== Segment start ==

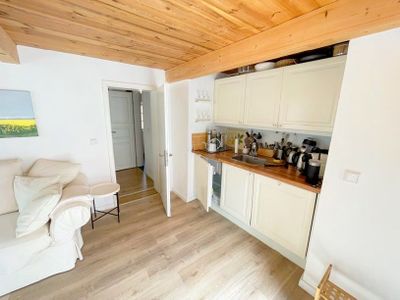 Ferienwohnung für 2 Personen (26 m²) in Maasholm 7/10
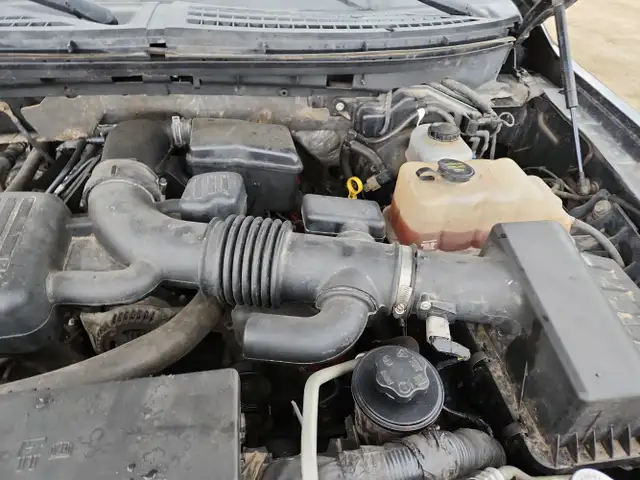 2010 Ford F-150 - Photo 27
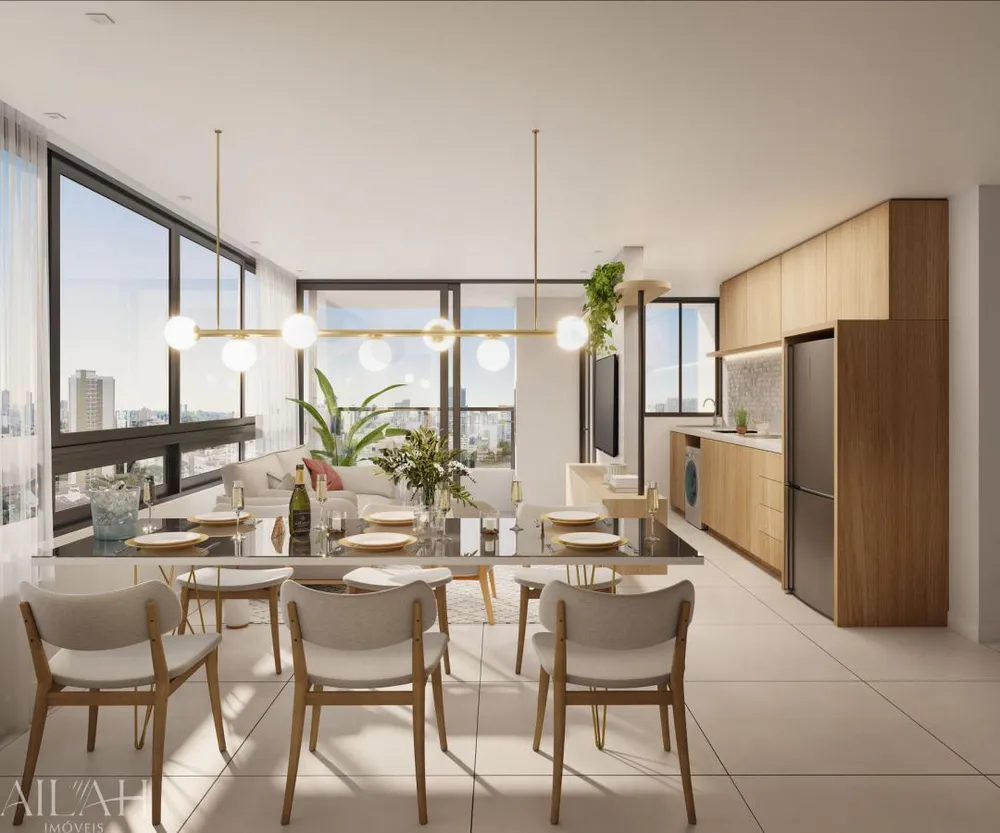 Apartamento, 3 quartos, 129 m² - Foto 4
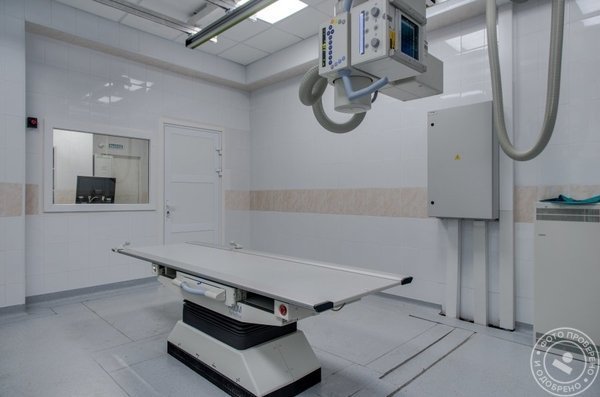 Сеть семейных клиник «Добромед», филиал у м. Речной вокзал - фото 4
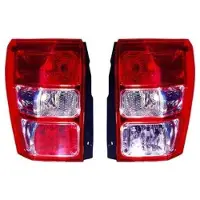IPARLUX 16884334 Achterlicht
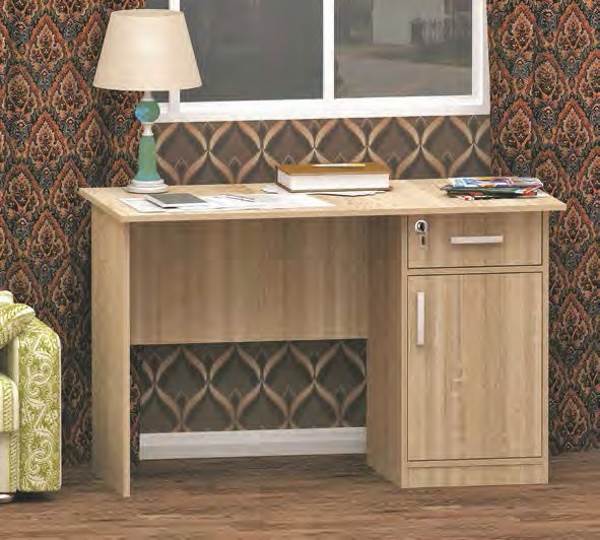 Фото Стол письменный Фронда-3 от производителя Пирамида в Нижнегорске по цене 6 230 ₽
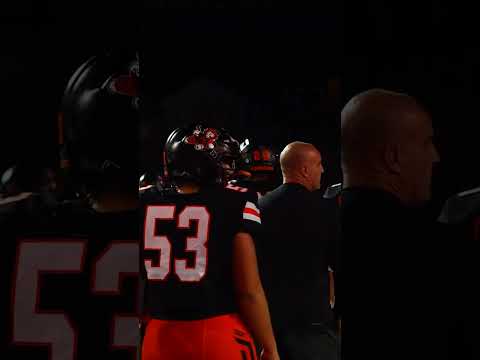 Ohio Police Deploy Pepper Spray at Brawling High School Football Players #shorts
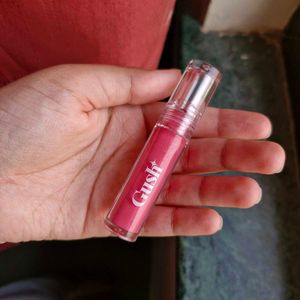 Gush Beauty fluid lipstick (My own muse)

== Segment end ==

**PROBLEM REQUIREMENTS:**
Return every entry above word for word, and include no images.

**EXERCISE OUTPUT:**
 Ferienwohnung für 2 Personen (26 m²) in Maasholm 7/10
 2010 Ford F-150 - Photo 27
 Apartamento, 3 quartos, 129 m² - Foto 4
 Сеть семейных клиник «Добромед», филиал у м. Речной вокзал - фото 4
IPARLUX 16884334 Achterlicht
 Фото Стол письменный Фронда-3 от производителя Пирамида в Нижнегорске по цене 6 230 ₽
 Ohio Police Deploy Pepper Spray at Brawling High School Football Players #shorts
 Gush Beauty fluid lipstick (My own muse)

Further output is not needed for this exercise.